On Galactica, Sharon asks Baltar to try out his new Cylon-detecting technology on her.
Meanwhile, on far-off Caprica, another Sharon conspires with her Cylon associates Doral and Number Six to convince Helo to remain on the planet and start a new life. [Blu-ray] [DVD]
- How did Leoben know so much about Starbuck's past?
- Leoben claims he is god in this episode. It is not clear if he is doing philosophical double talk, as Adama would call it, or if there is more significance to the line.
- Boomer claims to be from the city of Troy (which is presumably on Aerelon). But Six claims that's a lie.
- The current survivor count on Laura's whiteboard can be seen to read 47954 in this episode.

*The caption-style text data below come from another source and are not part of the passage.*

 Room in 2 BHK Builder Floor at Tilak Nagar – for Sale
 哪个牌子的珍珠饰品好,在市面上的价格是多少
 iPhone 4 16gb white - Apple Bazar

- Leoben: "To know the face is god is to know madness."
- Six: "Wonder why the call her Boomer?"
- Leoben: "Do you realize I could kill you before they came back in the room? I could get to my feet, rip your skull from your spinal column, crash through that door, and kill the guard in less time than it's taking me to describe it to you?"

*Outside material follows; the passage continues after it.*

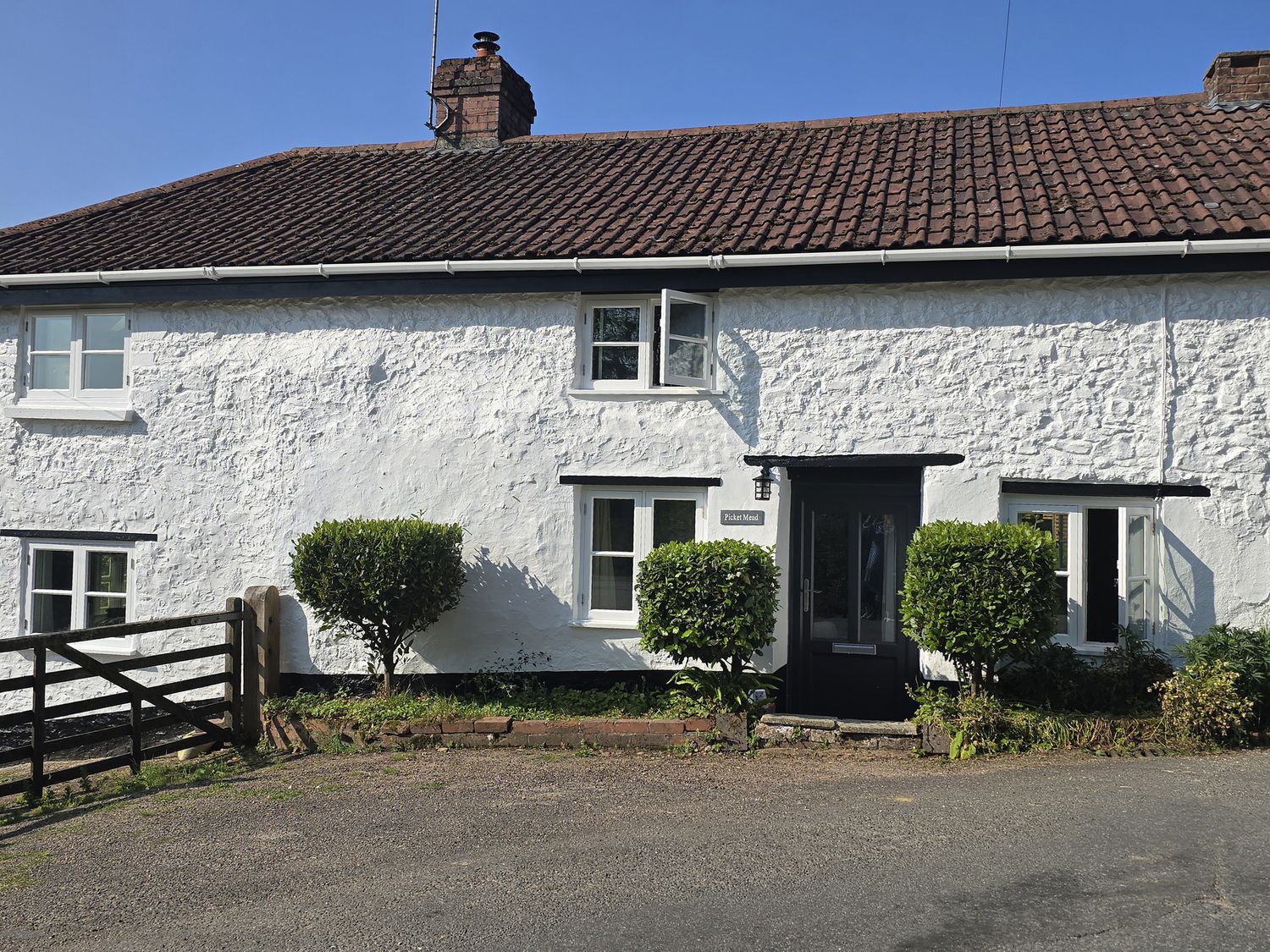 A house with hedges and a pathway at Picket Mead Southleigh near Colyton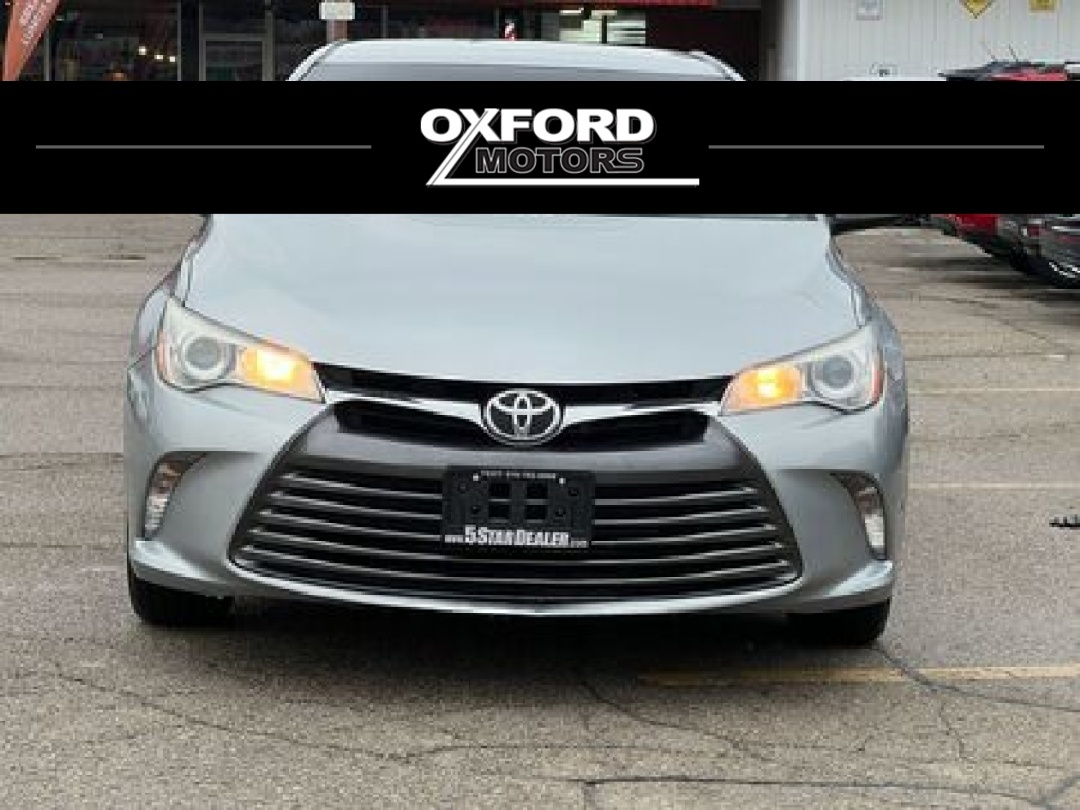 2015 Toyota Camry EXCELLENT CONDITION MUST SEE WE FINANCE ALL CREDIT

- Leoben psychoanalyzing Starbuck and accurately predicting her family history.
- Baltar discovering Boomer to be a Cylon.
- Leoben: "Each of us plays a role; each time a different role. Maybe the last time I was the interrogator and you were the prisoner. The players change, the story remains the same. And this time, this time, your role is to deliver my soul unto god. Do it for me. It's your destiny. And mine. And I told you I had a surprise for you. Are you ready? You are going to find Kobol, birthplace of us all. Kobol will lead you to Earth. This is my gift to you, Kara."

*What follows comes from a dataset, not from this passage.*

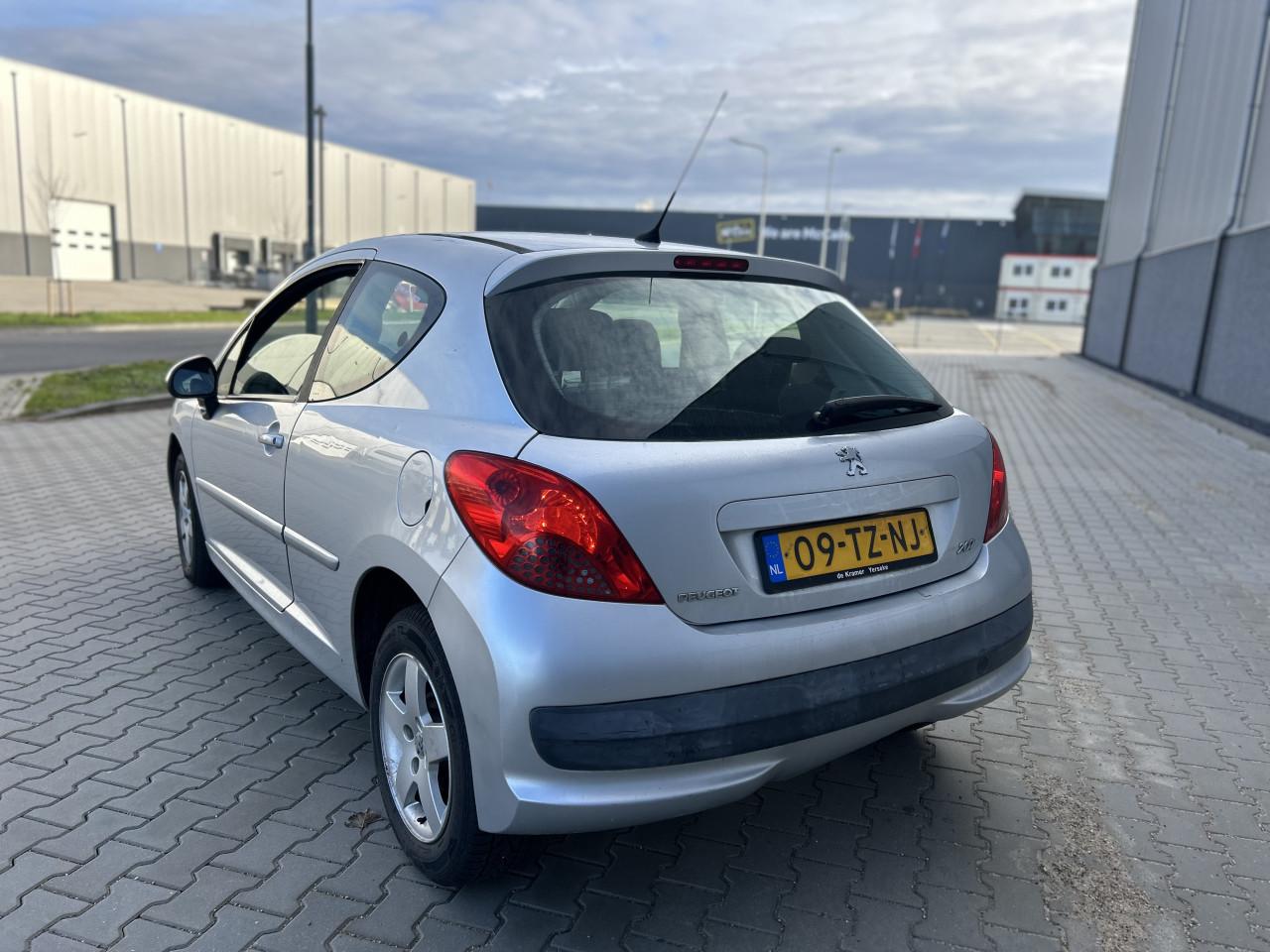 Peugeot 207 1.4-16V XS Pack|APK|AIRCO|ISO-FIX|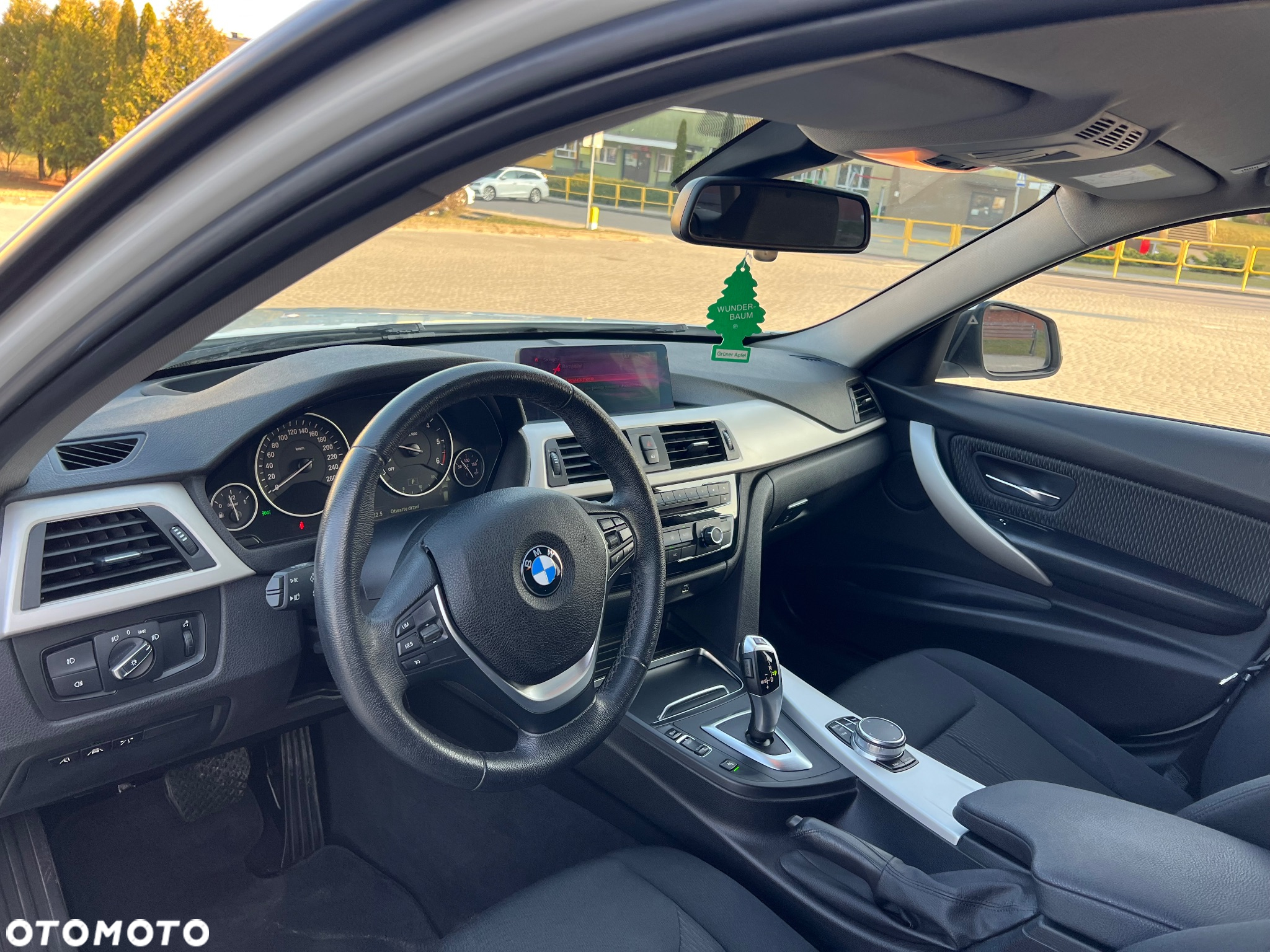 BMW Seria 3 320d xDrive Sport Line - 12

- Leoben declaring to Roslin that Adama is a Cylon.
- Roslin ordering Leoben thrown out the airlock.
- Roslin: "President Adar once said that the interesting thing about being a president is that you don't have to explain yourself to anyone."
Like Litmus, this is another episode which does little more than simply advance the running plot arcs a bit, but this one does so in style. Leoben is one of my favorite Cylons because he's just so interesting to listen to and watch. It's kind of annoying that all his spiritual talk in this episode seemed to lack an overall purpose and significance, but at least some of it was interesting. His prophesying that Earth actually does exist and that the humans will find it has some interesting implications. Is it true, or is he just messing with them? His creepily detailed and accurate read of Starbuck's past and psychological profile was also of distinct interest.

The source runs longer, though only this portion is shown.